Oil analysts have cut their price forecasts for the first time since February, as the prospect of the world’s largest producers agreeing to freeze output dims and US production shows signs of gradually picking up.
After five consecutive months of upward revisions, the 34 analysts and economists polled by Reuters forecast Brent would average $45.44 a barrel in 2016, slightly lower than last month’s forecast of $45.51.
The North Sea benchmark has averaged $42.59 so far this year, having ricocheted from a near-13-year low of $27.10 in January to an eight-month high of $52.86 in June this year.
Oil’s weakness over the last two years has eroded the budgets of even wealthy producers such as Saudi Arabia or Qatar and forced companies around the world to cut thousands of jobs.
With the price struggling to hold above $50 a barrel, there are still questions hanging over global economic growth.
Of the 28 respondents who participated in both the August and July surveys, eight lowered their 2016 forecasts for Brent, while 16 kept them unchanged.
An informal meeting between members of Organization of the Petroleum Exporting Countries and non-OPEC nations in September was unlikely to result in a meaningful agreement to limit production, analysts said.
“A decision (to freeze output) would be no more than lip service, as Russia and Saudi Arabia are producing near their capacity limit.
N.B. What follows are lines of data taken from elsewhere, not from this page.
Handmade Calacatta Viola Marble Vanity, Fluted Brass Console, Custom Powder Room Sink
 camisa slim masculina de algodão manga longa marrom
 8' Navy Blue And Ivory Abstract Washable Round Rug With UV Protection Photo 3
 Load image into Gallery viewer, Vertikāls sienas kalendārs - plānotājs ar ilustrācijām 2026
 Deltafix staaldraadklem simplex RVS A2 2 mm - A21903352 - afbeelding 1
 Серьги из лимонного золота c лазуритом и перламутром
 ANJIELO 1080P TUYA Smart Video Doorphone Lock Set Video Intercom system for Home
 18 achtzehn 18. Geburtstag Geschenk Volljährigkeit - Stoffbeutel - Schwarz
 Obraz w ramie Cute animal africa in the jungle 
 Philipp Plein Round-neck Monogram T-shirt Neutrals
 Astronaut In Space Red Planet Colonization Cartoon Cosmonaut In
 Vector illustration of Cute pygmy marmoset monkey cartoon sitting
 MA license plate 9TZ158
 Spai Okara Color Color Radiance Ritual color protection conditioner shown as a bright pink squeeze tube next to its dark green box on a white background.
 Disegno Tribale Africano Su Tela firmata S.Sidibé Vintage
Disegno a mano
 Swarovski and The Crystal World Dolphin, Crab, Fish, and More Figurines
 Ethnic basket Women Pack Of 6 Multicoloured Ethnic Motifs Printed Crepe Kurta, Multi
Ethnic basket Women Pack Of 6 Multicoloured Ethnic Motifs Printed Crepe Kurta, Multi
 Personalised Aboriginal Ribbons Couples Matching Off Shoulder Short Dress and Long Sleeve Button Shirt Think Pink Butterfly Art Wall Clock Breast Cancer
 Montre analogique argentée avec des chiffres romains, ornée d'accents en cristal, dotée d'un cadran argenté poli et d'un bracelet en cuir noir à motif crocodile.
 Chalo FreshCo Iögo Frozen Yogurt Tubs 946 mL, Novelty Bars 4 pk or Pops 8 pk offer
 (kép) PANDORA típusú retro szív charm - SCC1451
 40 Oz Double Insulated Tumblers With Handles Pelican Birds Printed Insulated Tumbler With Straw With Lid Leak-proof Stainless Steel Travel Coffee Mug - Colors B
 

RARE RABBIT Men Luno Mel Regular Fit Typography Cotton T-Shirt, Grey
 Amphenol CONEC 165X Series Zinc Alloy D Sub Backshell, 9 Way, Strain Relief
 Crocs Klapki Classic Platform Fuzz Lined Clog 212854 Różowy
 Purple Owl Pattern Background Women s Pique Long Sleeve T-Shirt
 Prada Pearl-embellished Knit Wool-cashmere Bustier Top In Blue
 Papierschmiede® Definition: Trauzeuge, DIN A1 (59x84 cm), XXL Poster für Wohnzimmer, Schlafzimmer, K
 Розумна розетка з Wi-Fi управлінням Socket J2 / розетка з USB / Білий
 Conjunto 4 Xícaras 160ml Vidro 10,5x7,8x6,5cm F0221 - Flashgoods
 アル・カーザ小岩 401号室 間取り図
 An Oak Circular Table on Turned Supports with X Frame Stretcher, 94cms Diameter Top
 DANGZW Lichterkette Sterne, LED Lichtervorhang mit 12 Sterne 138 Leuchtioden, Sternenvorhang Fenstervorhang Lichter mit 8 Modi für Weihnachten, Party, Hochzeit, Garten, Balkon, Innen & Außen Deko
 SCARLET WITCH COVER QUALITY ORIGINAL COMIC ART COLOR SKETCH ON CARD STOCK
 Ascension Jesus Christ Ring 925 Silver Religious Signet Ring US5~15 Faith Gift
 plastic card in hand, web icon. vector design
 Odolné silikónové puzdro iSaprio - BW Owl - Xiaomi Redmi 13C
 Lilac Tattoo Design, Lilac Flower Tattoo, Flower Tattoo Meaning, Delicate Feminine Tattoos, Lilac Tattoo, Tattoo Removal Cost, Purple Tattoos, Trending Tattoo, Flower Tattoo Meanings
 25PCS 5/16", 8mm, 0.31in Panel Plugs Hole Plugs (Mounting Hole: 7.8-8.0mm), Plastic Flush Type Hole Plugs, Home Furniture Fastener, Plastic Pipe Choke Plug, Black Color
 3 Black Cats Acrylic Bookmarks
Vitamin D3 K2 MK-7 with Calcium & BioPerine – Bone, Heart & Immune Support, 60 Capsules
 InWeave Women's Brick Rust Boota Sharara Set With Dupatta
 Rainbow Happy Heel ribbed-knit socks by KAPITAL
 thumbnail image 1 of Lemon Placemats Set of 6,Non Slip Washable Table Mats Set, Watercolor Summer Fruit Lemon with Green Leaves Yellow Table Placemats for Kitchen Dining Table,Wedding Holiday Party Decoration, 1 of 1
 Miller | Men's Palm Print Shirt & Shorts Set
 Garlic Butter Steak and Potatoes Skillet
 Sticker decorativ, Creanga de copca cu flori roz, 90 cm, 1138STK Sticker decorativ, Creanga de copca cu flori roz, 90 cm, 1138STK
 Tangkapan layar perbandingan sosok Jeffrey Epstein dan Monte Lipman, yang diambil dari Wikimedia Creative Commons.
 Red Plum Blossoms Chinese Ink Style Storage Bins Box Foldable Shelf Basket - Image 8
So this speculation will vanish into thin air, soon – and prices will come down again,” said Frank Schallenberger, head of commodities research at Stuttgart-based Landesbank Baden-Wuerttemberg.
The rise in the number of drilling rigs in the United States over the last three months could also exacerbate a persistent supply overhang, denting prospects of a rebalancing in oil markets, analysts noted.
US crude production will increase, but will likely fall short of the levels seen between 2011 and 2014, ABN AMRO senior energy economist Hans Van Cleef said.
“Higher US crude production will cap the upside of oil price recovery,” he said.
Attacks on oil facilities in Nigeria, civil war in Libya and economic and political crisis in Venezuela have curtailed output, but should these risks abate, returning supply could also put pressure on prices.
“If the political situation (in Nigeria) eases and output returns sooner than expected that could cause prices to fall sharply,” Capital Economics commodities analyst Thomas Pugh said, adding that expectations of output returning in Libya poses an additional risk.
Goldman Sachs said there was a likelihood of recovery from supply disruptions in Nigeria, Iraq and Libya in the second half of this year that could tilt the oil market back into surplus.
The survey forecast US light crude will average $43.96 a barrel in 2016, compared with an average so far this year of around $41 per barrel.
JBC Energy had the lowest 2016 forecast for Brent at $41.99 a barrel, while ANZ had the highest at $55.